The curvy brunette wove through the room, lightly touching a person here, making small talk there. Peals of laughter lingered in her stead. She was petite, but even from several feet away Callie could sense the energy she exuded. And just like that, Bianca turned and headed straight for her.
Derek wasn’t there to lead the questioning, and Callie didn’t carry the same malevolent aura he did. She would be just another stranger to Bianca. Would they miss their opportunity? Should she try this solo?
Bianca waved to the bartender as she approached, and then inclined her head toward Callie as she spoke. “One of what she’s having.”
“Pretty sure you could have just said beer,” Callie said after a moment. “The selection’s limited.” Small talk hurt her brain, and she clearly wasn’t good at it.
“He knows me, and it’s not my usual.” Of course it wasn’t. Her signature drink was something bright pink and adorned with a wedge of fresh fruit.
Callie took another draw on her beer. So much for not knocking them back. Her hands were warm against the brown glass, which is what usually happened when a bottle was mere swigs from empty. But this wasn’t a coincidence. It wasn’t the beer in her belly. This wasn’t simply nervous energy and pent-up arousal. Her fingers went full-on inferno, and she sat the beer on the bar as nonchalantly as she possibly could, right as the label began to singe. Holy shit. It was nothing like what she’d experienced around someone with a borrowed soul inside them before.
Bianca took a single step backward. “You all right?”
The fire in her hands dimmed. Was she? Why was her reaction so different than before? Goosebumps prickled along her arms and legs, as though all the heat from elsewhere in her body had relocated to her hands and pooled in her palms. “Yeah,” she said, curling her hands into fists. She could focus with them clenched. Mostly.
“Right on. I don’t remember seeing you here before, and I’ve got a thing for faces.” She winked.
“First timer.” Squeeze, release, repeat. She rode the edge of panic, but maintained control.
“Oh, it’s a blast.”
This had to be soul magic at play. This was ten times as intense as in the Charmer’s shop. The heat was overwhelming, but she tried to cling to the Soul Charmer’s promise that she couldn’t be injured. If she had taken to believing him, the heat must have short-circuited her brain. Callie’s thoughts ran over one another, too much input, too much sensation, and too many chances to fuck up. She had a job to do. A job she had to keep in order to get Josh back. She focused on the other woman and not the twin blazes forming inside her hands. What could she learn from this woman? “I was looking at the shop next door. The massage place.
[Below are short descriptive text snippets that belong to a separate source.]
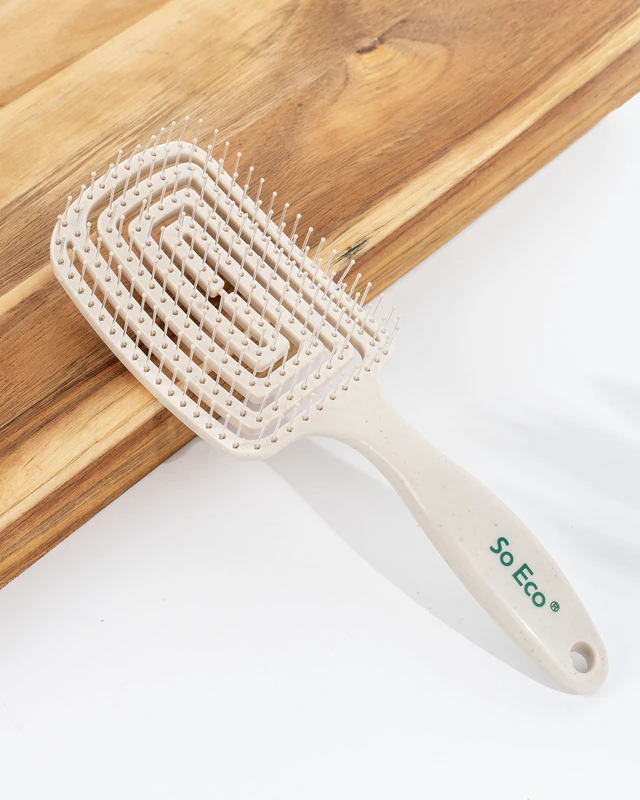 De Eco Flexi Paddle ontwarrende borstel maakt het ontwarren van je haar makkelijk.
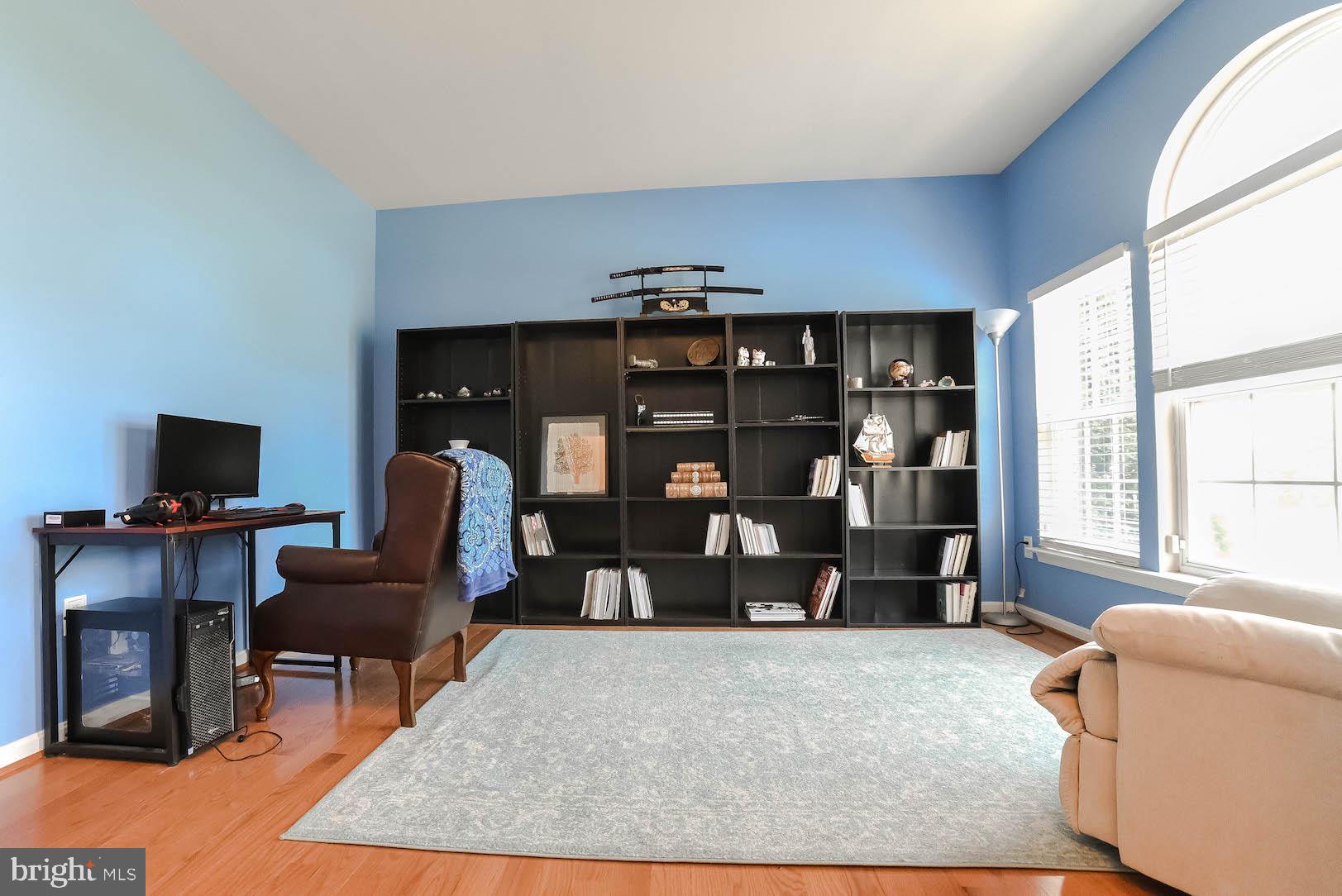 FERRY DOCK CROSSING - Residential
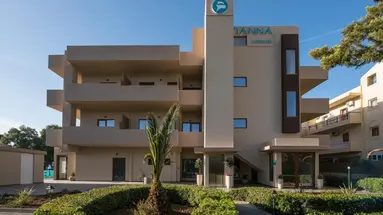 YIANNA CARAVEL HOTEL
Have you been there?”
Bianca started to narrow her eyes, but stopped herself before too much of her skepticism showed. “I work there, actually.”
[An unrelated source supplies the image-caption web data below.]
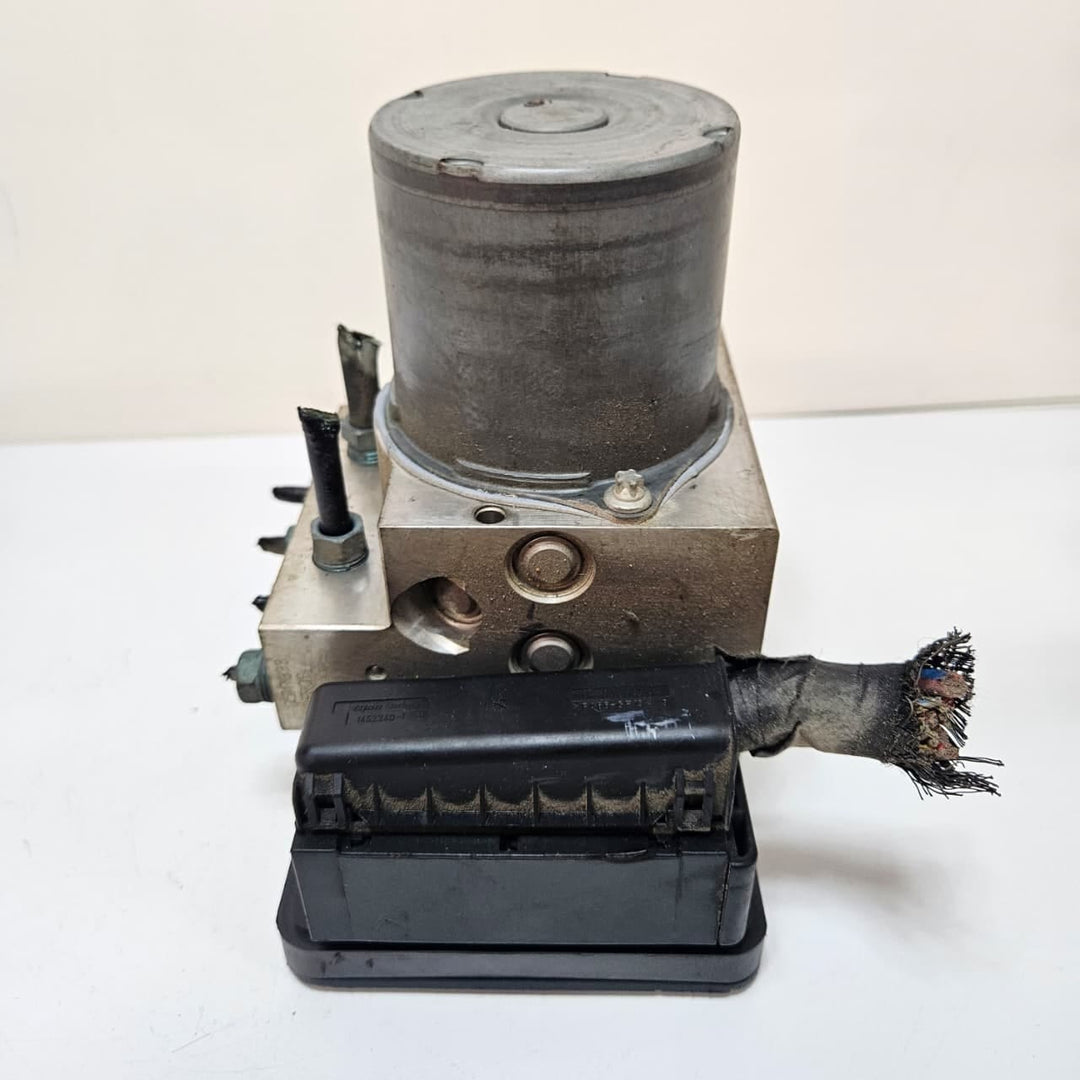 BMW 5 7 Series F11 F01 F02 ABS Pump 6869402 USED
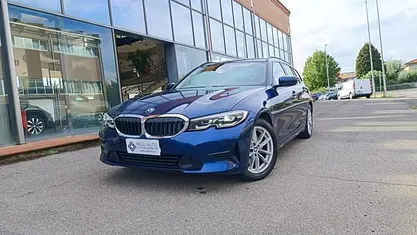 Usata BMW 320e Advantage 190 CV (139 kW) 2020 Blu Station wagon
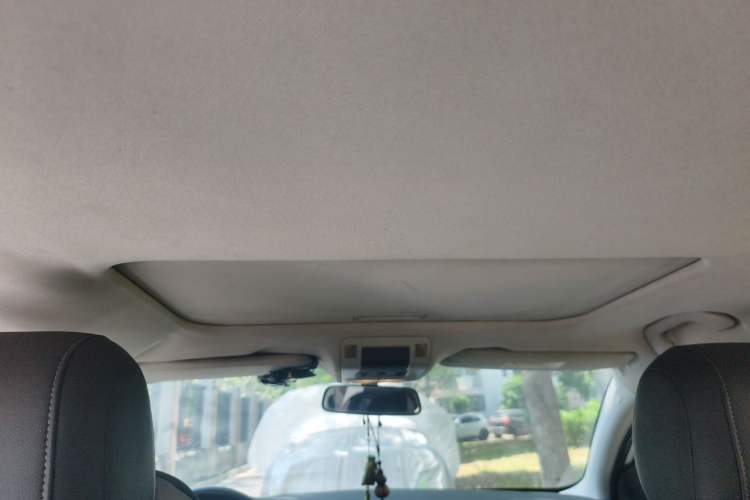 Used Qoros 3 2016 Urban SUV 1.6T Automatic Zhiyue Model Headliner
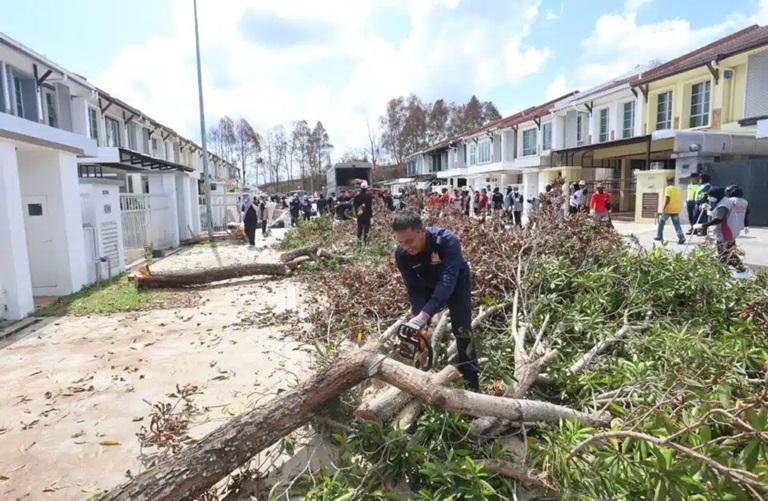 KDEBWM_Lebih_500_tan_sampah_pukal_img3.jpg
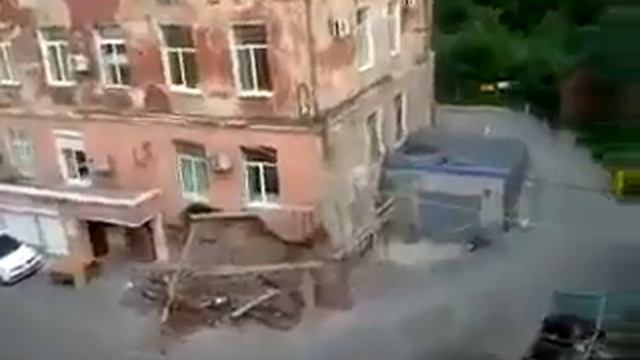 Обрушение многоэтажки смотреть онлайн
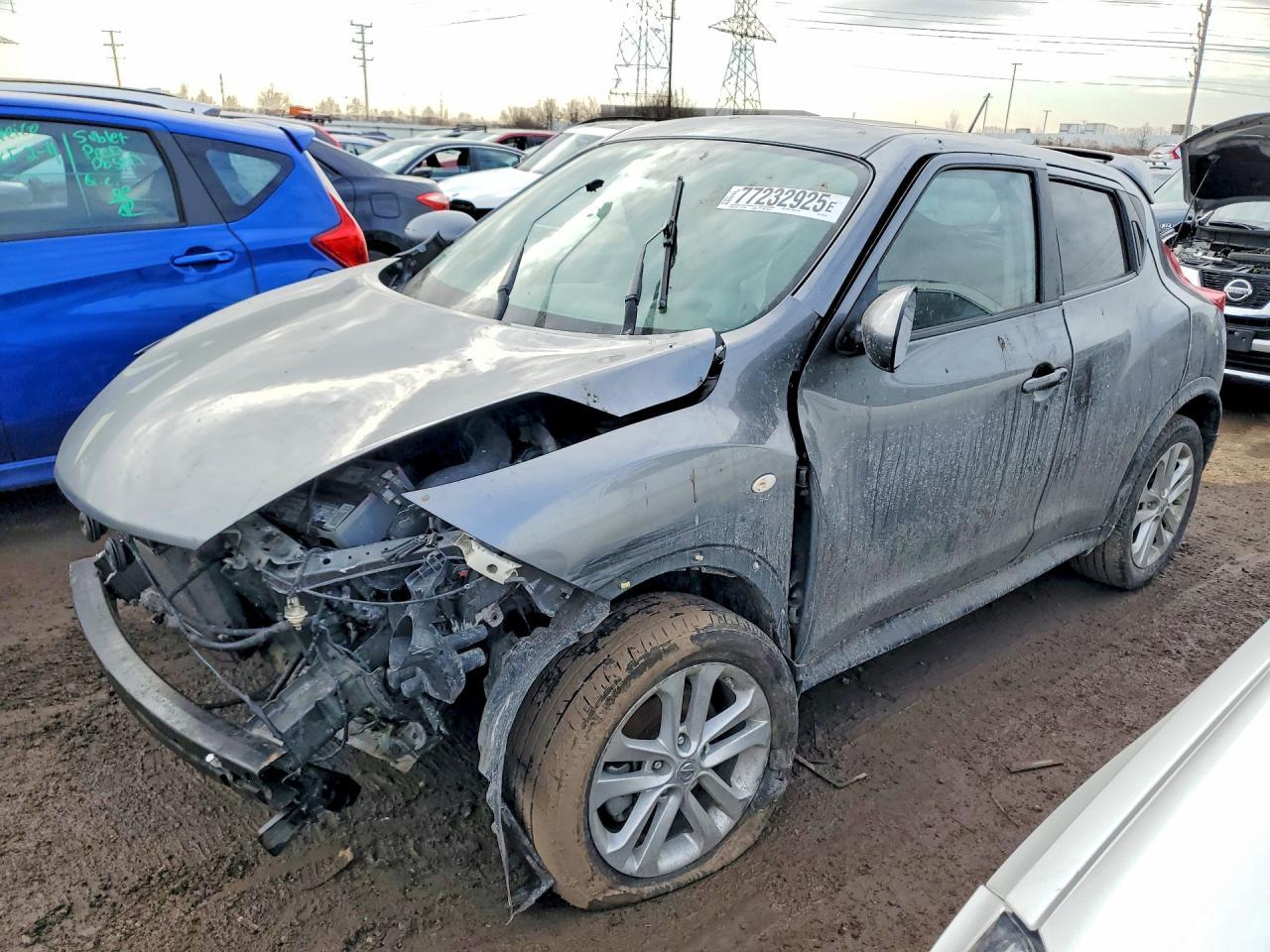 2013 Nissan Juke S - zdjęcie główne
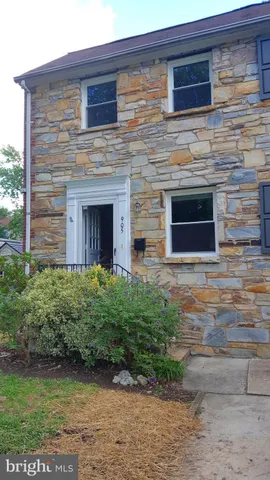 $2,950 | 905 Little Street, Alexandria, VA 22301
Callie sucked in a breath, hard and fast. Could she get a soul for cheaper here? Maybe Tess or Bianca could help her. Was there a way out from under the Charmer, where she could help her brother more quickly? Ignoring the bundle of flames simmering within her palms—the sensation was alarming, but not painful—she forced herself to be pleasant. “Small world. So what’s this ‘chakra massage’ thing I read about on the flyer?”